The fiery kani sauce is a very common, spicy condiment and can be served with pretty much anything–just like ketchup. It can be purchased already bottled or easily made at home and adjusted to your personal taste.

This recipe is used with permission from Chef Pierre Thiam.
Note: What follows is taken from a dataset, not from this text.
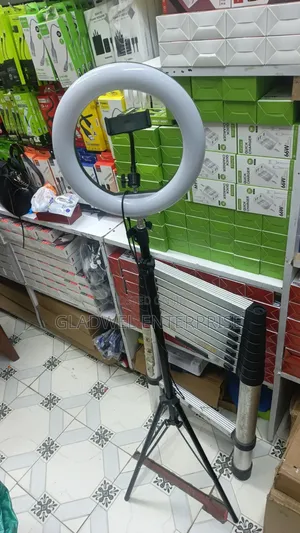 Quality 10inch Ring Light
Find more of his recipes in his book Senegal: Modern Senegalese Recipes from the Source to the Bowl and on his website.

Leg of Lamb Slow Roasted

Leg of Lamb Slow Roasted

Ingredients

Slow roasted lamb served by Chef Thiam

Slow roasted lamb served by Chef Thiam

1 Lamb Leg or Goat Leg 

3 sprigs thyme, leaves chopped
2 tablespoons Dijon mustard, plus more for serving
2 tablespoons ground cumin
2 tablespoons salt
2 tablespoons freshly ground black pepper
2 tablespoons vegetable oil
2 large yellow onions, thinly sliced
1/4 cup water
Baguettes for serving
Tamarind Kani Sauce, for serving

Method

  • Preheat the oven to 275 °F
  • Combine thyme, mustard, cumin, salt, pepper and oil. Rub over the leg of lamb.
  • Line a baking sheet with a piece of kraft paper large enough to enclose the lamb and onions. Spread the onions in a layer in the center of the paper and lay the lamb on top. Carefully pour the water around the leg. Fold the paper tightly around the lamb and onions, enclosing them like a package. Make sure the paper is completely sealed closes. A clean paper grocery bag tied closed is another option.
  • Place the lamb on the baking sheet in the oven and roast for 8 hours. The lamb is done when the meat pulls away and is tender. Serve from the paper or on a platter with baguette chunks, extra mustard and kani sauce on the side.

Tamarind Kani Sauce

1 tablespoon peanut oil
1 yellow onion, coarsely chopped
1 garlic clove, chopped
6 plum tomatoes, coarsely chopped
1 Scotch bonnet pepper, coarsely chopped
1 dried bay leaf
2 tablespoons tamarind paste
1 tablespoon sugar
2 tablespoons Vietnamese or Thai fish sauce
Salt and freshly ground black pepper

  • In a saucepan, heat the oil over medium-low heat. Cook the onion and garlic, stirring frequently, until soft and fragrant. Add the tomatoes, Scotch bonnet, and bay leaf. Simmer for 15 minutes, or until thick like a chutney, stirring occasionally with a wooden spoon and adding a little water if necessary.
  • Add the tamarind, sugar and fish sauce and season with salt and pepper to taste. Remove the bay leaf and puree in a food processor or blender until smooth. Store in the refrigerator in an airtight container for up to 3 weeks.
  • Makes about 1 cup.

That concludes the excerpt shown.